We’ve seen wondrous advancements in video game animations – and associated technologies – over the last decade, but, as fidelity increases, it becomes increasingly glaring when movements feel ‘off’; we have the Uncanny Valley to thank for that.
By now, most of us will have seen some of the hilariously broken walking animations in BioWare’s Mass Effect: Andromeda:
An engineer from Ubisoft Montreal, though, has developed an innovative new method of animating characters, and the results are incredibly impressive:
The designer, Daniel Holden, has eschewed the traditional method of blending pre-prescribed, fixed animation loops and sequences in favour of a neural network, capable of guessing the best movements to display based on a player’s input.
“We present a real-time character control mechanism using a novel neural network architecture called a Phase-Functioned Neural Network,” Holden explains. “In this network structure, the weights are computed via a cyclic function which uses the phase as an input. Along with the phase, our system takes as input user controls, the previous state of the character, the geometry of the scene, and automatically produces high-quality motions that achieve the desired user control.”
“The entire network is trained in an end-to-end fashion on a large dataset composed of locomotion such as walking, running, jumping, and climbing movements fitted into virtual environments,” he says. “Our system can therefore automatically produce motions where the character adapts to different geometric environments such as walking and running over rough terrain, climbing over large rocks, jumping over obstacles, and crouching under low ceilings.”
“Our network architecture produces higher quality results than time-series autoregressive models such as LSTMs as it deals explicitly with the latent variable of motion relating to the phase,” Holden adds. “Once trained, our system is also extremely fast and compact, requiring only milliseconds of execution time and a few megabytes of memory, even when trained on gigabytes of motion data.
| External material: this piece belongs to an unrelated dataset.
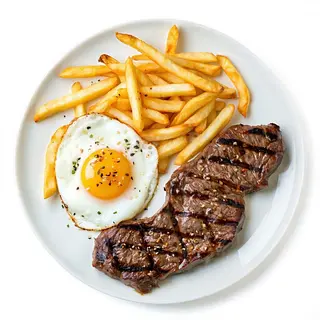 Pluma ibérica, huevos y patatas a lo pobre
Our work is most appropriate for controlling characters in interactive scenes such as computer games and virtual reality systems.”
Holden has co-authored a paper on the method with Taku Komura and Jun Saito, entitled Phase-Functioned Neural Networks for Character Control [PDF], and the trio will be presenting their findings at computer graphics tech conference SIGGRAPH, which runs from 30th July to 3rd August in Los Angeles.